François Héran suggère de ne pas offenser et de considérer que l’éducation à la liberté d’expression ne doit pas passer par les caricatures de Charlie-Hebdo ni d’ailleurs par aucune atteinte aux croyances que leurs fidèles auront identifiées comme sacrées : ce serait manquer de tact et de compassion ; à l’école de s’adapter. En quoi n’est-ce pas une stratégie de renoncement ?

Le message est indécent, non qu’il faille offenser qui que ce soit et tout montrer en vrac, par provocation, ce qui serait assurément indigne, mais la finesse et la pédagogie, dans le contexte d’un débat, c’était semble-t-il ce que pratiquait ce professeur. Le débat n’était pas là, et les finasseries hypocrites de Monsieur Héran ne sont pas à la mesure des choses. Il ne reconnait pas le potentiel de violence qui est au fond de toutes les attaques contre la liberté d’expression, elle qu’on sait justement borner quand elle peut dégénérer en atteintes contre les personnes.

Quant à créer par la loi ou à la faveur d’une jurisprudence, un nouveau régime plus restrictif au nom du respect dû aux croyances, Héran ne le demande pas, mais ses référence pataudes à la jurisprudence de la Cour européenne des droits de l’homme en montrent la voie6. Ce serait effectivement possible, le législateur ayant le pouvoir de créer de nouveaux délits de presse et les tribunaux pouvant décider d’interpréter différemment la loi de 1881, quoique le Conseil constitutionnel (on se permettra de l’espérer)  pourrait constituer un pôle de résistance en considération de l’article 11 de la Déclaration de 1789.

On sent bien que François Héran aimerait que les tribunaux aient plus de considération pour ce qu’il croit avoir identifié comme un principe oublié, le respect dû aux croyances.
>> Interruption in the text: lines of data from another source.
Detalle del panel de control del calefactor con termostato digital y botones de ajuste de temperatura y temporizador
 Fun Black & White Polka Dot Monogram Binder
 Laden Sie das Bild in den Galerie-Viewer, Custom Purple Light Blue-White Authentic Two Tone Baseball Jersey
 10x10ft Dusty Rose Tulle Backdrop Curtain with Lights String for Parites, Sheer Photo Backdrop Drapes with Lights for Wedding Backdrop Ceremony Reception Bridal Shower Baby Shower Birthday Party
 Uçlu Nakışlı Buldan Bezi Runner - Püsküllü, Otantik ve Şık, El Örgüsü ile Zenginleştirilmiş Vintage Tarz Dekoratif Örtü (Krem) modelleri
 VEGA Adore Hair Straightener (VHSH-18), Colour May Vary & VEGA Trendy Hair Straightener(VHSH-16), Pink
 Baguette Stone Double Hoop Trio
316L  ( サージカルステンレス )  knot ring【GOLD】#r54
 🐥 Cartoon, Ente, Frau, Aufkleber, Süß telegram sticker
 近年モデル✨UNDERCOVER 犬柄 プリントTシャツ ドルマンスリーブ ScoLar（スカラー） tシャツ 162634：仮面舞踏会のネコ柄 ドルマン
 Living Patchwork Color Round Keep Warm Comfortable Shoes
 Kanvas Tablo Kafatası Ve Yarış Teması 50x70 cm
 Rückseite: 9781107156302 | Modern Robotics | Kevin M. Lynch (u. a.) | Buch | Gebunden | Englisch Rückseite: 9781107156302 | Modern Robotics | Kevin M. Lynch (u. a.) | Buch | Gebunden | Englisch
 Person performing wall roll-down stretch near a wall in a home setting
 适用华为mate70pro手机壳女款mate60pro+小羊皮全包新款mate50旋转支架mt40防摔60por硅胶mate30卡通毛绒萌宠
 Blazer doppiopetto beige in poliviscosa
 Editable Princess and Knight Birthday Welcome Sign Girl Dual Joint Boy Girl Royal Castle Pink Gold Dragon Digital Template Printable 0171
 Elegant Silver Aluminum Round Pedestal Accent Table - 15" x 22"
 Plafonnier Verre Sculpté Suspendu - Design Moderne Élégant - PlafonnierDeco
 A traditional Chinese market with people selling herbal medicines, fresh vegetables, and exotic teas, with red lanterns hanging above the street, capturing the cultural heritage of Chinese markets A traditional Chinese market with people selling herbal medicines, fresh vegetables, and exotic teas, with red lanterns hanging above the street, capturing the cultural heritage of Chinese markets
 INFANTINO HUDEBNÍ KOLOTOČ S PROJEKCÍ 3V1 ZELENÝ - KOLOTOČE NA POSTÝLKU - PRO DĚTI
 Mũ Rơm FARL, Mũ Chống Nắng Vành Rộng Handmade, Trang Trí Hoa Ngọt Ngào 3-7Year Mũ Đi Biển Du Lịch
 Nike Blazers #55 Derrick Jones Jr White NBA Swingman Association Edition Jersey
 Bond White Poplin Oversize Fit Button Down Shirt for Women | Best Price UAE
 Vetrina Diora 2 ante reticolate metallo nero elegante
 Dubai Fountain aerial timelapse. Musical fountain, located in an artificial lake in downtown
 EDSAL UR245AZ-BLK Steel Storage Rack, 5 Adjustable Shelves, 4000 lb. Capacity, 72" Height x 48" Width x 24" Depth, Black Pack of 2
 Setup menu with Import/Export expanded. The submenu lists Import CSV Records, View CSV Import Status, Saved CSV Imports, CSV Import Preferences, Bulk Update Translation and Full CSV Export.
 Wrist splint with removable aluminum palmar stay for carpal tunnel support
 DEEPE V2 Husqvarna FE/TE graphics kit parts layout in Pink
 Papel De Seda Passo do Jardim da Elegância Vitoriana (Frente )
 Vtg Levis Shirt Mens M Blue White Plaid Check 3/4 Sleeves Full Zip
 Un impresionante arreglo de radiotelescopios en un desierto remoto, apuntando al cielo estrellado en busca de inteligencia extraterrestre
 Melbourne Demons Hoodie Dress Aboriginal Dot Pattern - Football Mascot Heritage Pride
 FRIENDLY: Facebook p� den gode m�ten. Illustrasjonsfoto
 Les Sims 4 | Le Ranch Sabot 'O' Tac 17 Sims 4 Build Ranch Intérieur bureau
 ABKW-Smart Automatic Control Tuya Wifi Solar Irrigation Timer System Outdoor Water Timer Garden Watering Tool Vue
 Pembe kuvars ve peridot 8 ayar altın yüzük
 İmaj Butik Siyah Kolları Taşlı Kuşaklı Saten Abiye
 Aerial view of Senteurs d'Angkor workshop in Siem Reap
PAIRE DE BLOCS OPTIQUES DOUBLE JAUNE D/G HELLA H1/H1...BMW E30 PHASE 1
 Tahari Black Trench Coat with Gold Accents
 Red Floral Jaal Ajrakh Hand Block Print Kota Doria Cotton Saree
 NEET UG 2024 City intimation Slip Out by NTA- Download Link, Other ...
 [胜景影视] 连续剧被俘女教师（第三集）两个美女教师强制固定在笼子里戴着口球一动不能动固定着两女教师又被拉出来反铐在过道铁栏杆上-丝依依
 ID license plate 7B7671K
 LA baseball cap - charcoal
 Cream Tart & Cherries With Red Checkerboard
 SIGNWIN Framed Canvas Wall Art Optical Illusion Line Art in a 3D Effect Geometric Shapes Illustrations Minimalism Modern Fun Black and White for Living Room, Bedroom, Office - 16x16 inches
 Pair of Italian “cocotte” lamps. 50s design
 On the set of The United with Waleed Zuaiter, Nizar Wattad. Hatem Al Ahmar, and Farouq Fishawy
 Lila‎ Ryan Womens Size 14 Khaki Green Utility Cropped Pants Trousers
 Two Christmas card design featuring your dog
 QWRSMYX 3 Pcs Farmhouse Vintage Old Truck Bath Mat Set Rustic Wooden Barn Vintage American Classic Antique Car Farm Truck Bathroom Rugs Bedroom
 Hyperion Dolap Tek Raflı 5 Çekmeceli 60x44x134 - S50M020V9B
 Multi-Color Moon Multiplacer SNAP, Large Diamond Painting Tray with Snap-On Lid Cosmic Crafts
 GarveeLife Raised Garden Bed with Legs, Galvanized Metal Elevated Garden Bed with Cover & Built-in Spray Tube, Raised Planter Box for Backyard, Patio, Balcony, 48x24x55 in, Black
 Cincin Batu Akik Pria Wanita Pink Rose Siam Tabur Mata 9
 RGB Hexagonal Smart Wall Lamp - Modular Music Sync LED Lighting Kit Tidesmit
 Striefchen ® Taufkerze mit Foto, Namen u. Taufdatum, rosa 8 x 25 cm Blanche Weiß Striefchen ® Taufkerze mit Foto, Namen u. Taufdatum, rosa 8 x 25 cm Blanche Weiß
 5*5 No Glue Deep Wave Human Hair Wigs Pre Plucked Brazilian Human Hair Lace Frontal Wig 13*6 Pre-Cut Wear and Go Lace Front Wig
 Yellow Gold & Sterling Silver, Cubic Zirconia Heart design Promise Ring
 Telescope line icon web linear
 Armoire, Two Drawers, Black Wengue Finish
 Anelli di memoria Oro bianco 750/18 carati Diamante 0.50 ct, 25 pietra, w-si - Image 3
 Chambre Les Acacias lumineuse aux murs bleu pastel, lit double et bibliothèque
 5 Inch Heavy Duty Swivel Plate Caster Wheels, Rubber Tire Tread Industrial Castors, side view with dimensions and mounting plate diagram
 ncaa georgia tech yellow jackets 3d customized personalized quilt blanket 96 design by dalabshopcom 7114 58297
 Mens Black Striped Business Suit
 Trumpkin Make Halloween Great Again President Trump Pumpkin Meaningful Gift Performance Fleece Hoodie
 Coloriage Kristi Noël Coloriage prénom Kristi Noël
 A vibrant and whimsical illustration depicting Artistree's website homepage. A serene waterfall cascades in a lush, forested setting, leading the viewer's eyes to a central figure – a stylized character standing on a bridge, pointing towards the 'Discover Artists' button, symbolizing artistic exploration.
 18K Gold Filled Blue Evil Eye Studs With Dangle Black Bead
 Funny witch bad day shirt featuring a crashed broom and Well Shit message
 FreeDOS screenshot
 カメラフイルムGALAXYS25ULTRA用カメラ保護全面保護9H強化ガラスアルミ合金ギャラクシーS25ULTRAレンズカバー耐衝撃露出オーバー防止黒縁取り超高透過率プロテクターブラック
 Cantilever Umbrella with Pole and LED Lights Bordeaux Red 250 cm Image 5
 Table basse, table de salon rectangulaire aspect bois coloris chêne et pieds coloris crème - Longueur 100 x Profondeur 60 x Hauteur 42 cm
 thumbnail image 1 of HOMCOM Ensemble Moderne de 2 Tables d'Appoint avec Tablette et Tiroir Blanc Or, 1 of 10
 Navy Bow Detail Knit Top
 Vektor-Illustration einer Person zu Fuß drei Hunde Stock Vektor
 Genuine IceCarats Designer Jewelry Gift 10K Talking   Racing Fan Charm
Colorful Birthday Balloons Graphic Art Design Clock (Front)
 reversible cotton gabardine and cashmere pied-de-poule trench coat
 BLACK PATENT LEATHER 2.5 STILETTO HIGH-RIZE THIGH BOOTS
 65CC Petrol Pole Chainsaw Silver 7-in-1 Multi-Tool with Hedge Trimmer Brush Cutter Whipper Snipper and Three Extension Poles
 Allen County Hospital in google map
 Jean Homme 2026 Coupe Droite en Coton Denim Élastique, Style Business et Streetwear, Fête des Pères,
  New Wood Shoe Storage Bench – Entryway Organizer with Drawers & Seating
Ce serait, à proprement parler, créer un délit de blasphème, ce que la jurisprudence a refusé avec constance aux intégristes catholiques, probablement trop modérés dans leur détestation. Pourquoi faudrait-il aujourd’hui donner une prime à la décapitation ?

De plus, créer une nouvelle exception légale, un nouveau délit de presse, supposerait de prévoir un régime de sanctions. Qu’on mette Dieudonné ou Soral à l’amende ou en prison pour leurs publications racistes, soit et tant mieux ; sanctionner un caricaturiste qui s’en prend, même sans tact, grossièrement à une croyance religieuse, c’est jusqu’à présent l’usage de l’Iran et des dictatures du monde arabe. Ce ne serait pas un grand progrès des libertés publiques pour la France républicaine.

Où faut-il s’arrêter ?

Au risque de se répéter, ce serait surtout revenir sur une tradition constitutive, pour beaucoup, de l’identité nationale, c’est-à-dire sur un point d’équilibre heureux entre des forces culturelles différentes, complexes, ce dont François Héran se contrefiche probablement. Son seul souci, qui n’est pas méprisable dans son principe, est de mieux intégrer de nouvelles minorités ne partageant pas (imagine-t-il) les conceptions françaises de la liberté de conscience et de la liberté d’expression. Outre le fait que c’est ainsi beaucoup mépriser le monde arabo-musulman, où de nombreux esprits revendiquent ces mêmes libertés, la question que l’on doit poser à ce triste sire est celle-ci : où vous arrêterez-vous ?  A quel aspect de la croyance ? A quel point du dogme ?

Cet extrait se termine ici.